President Lee Jae-myung will preside over an extraordinary Cabinet meeting on the 5th to discuss responses related to the Middle East situation. With signs that war is spreading across the Middle East after U.S. and Israeli airstrikes on Iran, and after President Donald Trump recently even mentioned the possibility of deploying ground troops to Iran, the government will review high oil prices and inflation across ministries.

President Lee Jae-myung speaks during a joint press announcement at Malacañang Palace in Manila, the Philippines, on the 3rd (local time). /Courtesy of News1

According to Cheong Wa Dae on the 4th, the president will chair a Cabinet meeting the day after returning home that day from a four-day, three-night state visit to Singapore and the Philippines. Cabinet meetings are usually held every Tuesday, and the previous day Prime Minister Kim Min-seok led the meeting in place of the traveling president. However, as the Middle East situation intensifies, the president intends to preside directly to grasp the situation.
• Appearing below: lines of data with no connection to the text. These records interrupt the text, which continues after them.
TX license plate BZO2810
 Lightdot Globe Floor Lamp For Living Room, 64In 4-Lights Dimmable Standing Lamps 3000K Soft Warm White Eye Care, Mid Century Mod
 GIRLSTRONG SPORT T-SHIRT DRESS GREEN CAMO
At the extraordinary Cabinet meeting, the Ministry of Economy and Finance and the Ministry of Foreign Affairs will brief on the Middle East situation and its global economic impact, after which the government plans to assess the effects on the domestic economy and discuss responses. Earlier, Chief of Staff Kang Hoon-sik also presided over a separate senior secretaries' meeting at Cheong Wa Dae the previous day and said, "In this grave situation where geopolitical uncertainty in the Middle East is expanding, the government must fulfill its essential functions so that the public can feel secure and go about their daily lives."

◇Even within the ruling party, calls to exercise veto on the "three judicial reform bills"
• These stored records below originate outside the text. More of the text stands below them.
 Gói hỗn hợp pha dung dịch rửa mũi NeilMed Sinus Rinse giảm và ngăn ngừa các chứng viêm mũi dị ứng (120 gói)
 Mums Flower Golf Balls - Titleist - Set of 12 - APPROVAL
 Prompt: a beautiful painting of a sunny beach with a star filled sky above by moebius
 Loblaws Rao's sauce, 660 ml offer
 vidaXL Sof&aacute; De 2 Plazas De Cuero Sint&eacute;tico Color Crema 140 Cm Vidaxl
Attention is also on whether the promulgation of laws recently passed by the National Assembly's plenary session will be reviewed and approved at the extraordinary Cabinet meeting. Starting on the 24th of last month, the National Assembly went through a five-night, six-day filibuster (unlimited debate) and handled the following: ▲a special act to establish the integrated Gwangju-South Jeolla Special City ▲the third amendment to the Commercial Act that mandates cancellation of treasury shares ▲the three judicial reform bills (law distortion crime, appeal to the Constitutional Court for trial, and increasing the number of Supreme Court justices).
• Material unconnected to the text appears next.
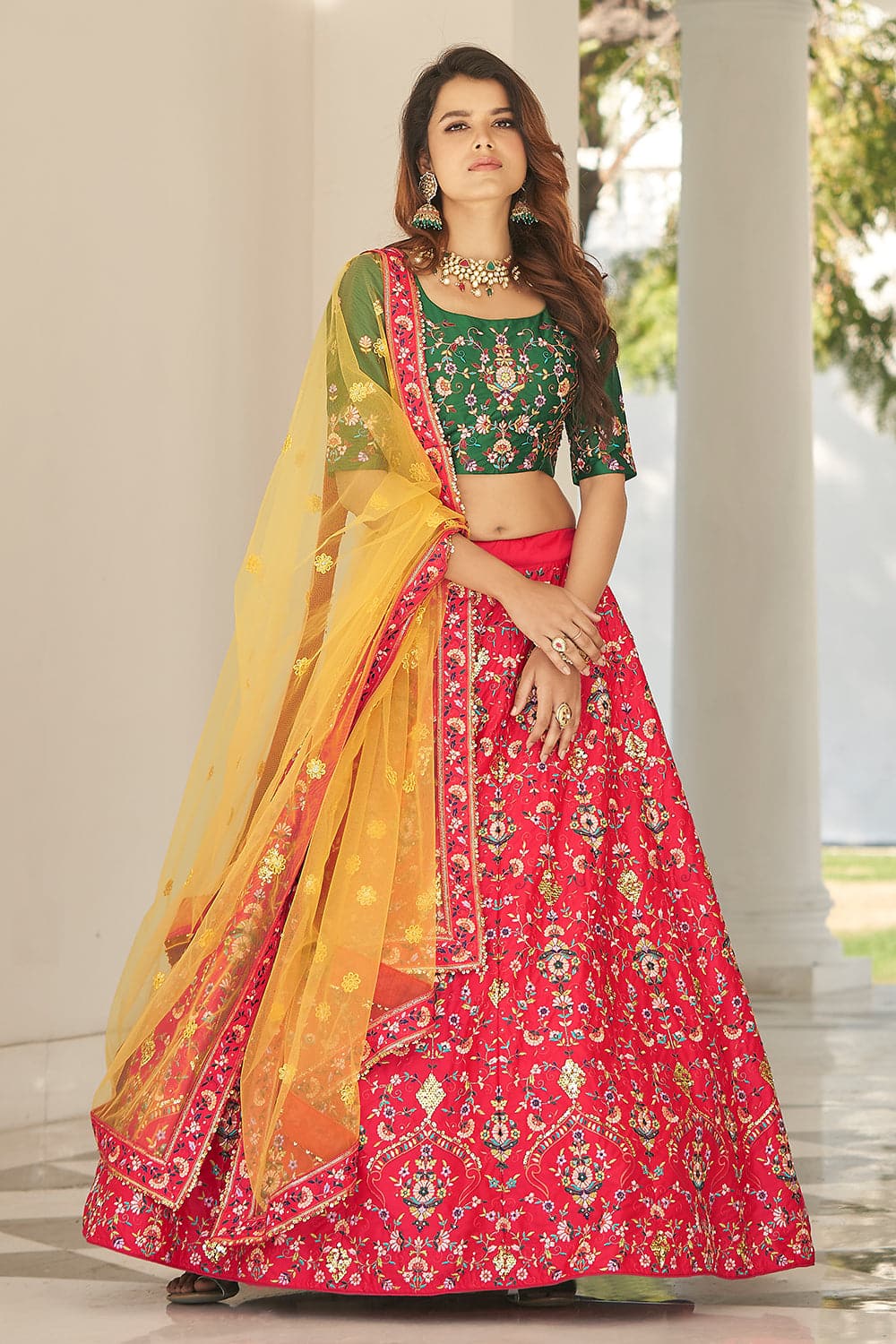 Pure Micro Velvet Wedding Wear Lehenga Saree In Red With Embroidery &  Crystals Stone Work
The opposition and the legal community view the three judicial reform bills as "bulletproof legislation" aimed at easing President Lee's various trial risks, and are calling for the exercise of the presidential right to request reconsideration (veto). In particular, regarding the law distortion crime, which says, "If a criminal case is adjudicated by distorting the law, the offender shall be punished by up to 10 years in prison or disqualification," even within the ruling party there are voices saying the president should veto it. Kwak Sang-eon, a Democratic Party lawmaker and the son-in-law of former President Roh Moo-hyun, cast a dissenting vote on the bill at last month's plenary session, saying it would "damage the constitutional order."